Na segunda quinzena de outubro a Polícia Militar de Selvíria-MS deflagrou uma operação de combate a criminalidade denominada oficialmente de “Operação Candango”. Esse termo é carregado de história que vale retomar para entendermos o objetivo da operação da PM de Mato Grosso do Sul.
“Candango” surge no período da colonização portuguesa, na África e América, como derivação do africano “candanje” que indicava o português, portanto o outro, aquele de fora. Neste sentido, uma denominação pejorativa. Quando da construção da cidade de Brasília, na década de 1950, o termo “candango” foi aplicado para denominar os operários migrantes, em sua maioria nordestino, que chegavam no Planalto Central para construção da capital federal.
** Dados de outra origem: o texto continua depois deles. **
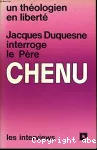 Jacques Duquesne interroge le père Chenu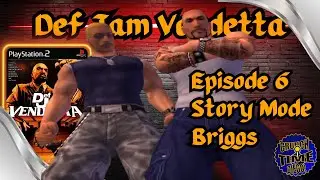 Def Jam Vendetta Ep 6 - Briggs Story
De um termo pejorativo, ganha uma tonalidade positiva ao ser aplicado como gentílico do habitante de Brasília. É um gentílico popular, pois o oficial é brasiliense.
Partindo desta definição, vejo com muita preocupação um órgão oficial de segurança pública nomear uma operação de combate à criminalidade de “Operação Candango”. Por que o uso dessa  denominação?  Quem são os candangos  em Selvíria?
Os primeiros resultados da operação, divulgado pela imprensa, dão conta de cinco diligências que resultaram em prisões, sendo que apenas uma faz referência direta aos operários imigrantes da construção da fábrica de papel Eldorado.
Se olharmos atentamente as páginas policiais perceberemos que, geralmente, os operários imigrantes não aparecem envolvidos em crimes. Neste entendimento não consideramos crime, logicamente, a greve e outras formas de mobilização coletiva que muitas vezes são noticiadas em páginas policiais. Portanto, não há uma relação direta entre a chegada de trabalhadores imigrantes e o aumento da criminalidade. Todavia, a operação ao usar o termo ”candango” estabelece deliberadamente a relação entre repressão e migrante, mesmo que na prática a operação recaia sobre todos os trabalhadores.
O problema deste tipo de operação policial é que  a justificativa  já denota a discriminação ao trabalhador nordestino: “Preliminarmente a operação está sendo denominada de Operação Candango, considerando que se projeta a chegada de mais de mil homens para se alojarem na cidade, onde foi construído um alojamento para mais de setecentas pessoas, além da existência de outros locais destinados para tal finalidade.”, conforme nota dos órgãos de segurança.
O xenofobismo (sentimento de repulsa ao estrangeiro, ao outro), ao ser alimentado por órgãos governamentais corre o sério risco de se tornar uma política de Estado. Diversas nações européias passam por esse problema, especialmente em momentos de crise econômica, como a que se vive atualmente. Enquanto há mais vagas de emprego do que mão de obra local, os imigrantes são bem vindos. Basta um primeiro sinal de redução de emprego que os governos passam a culpar os imigrantes. Isso se dá na Europa e América do Norte, mas pode, também, ser reproduzido em nossas cidades que, por enquanto, necessitam do trabalho imigrante.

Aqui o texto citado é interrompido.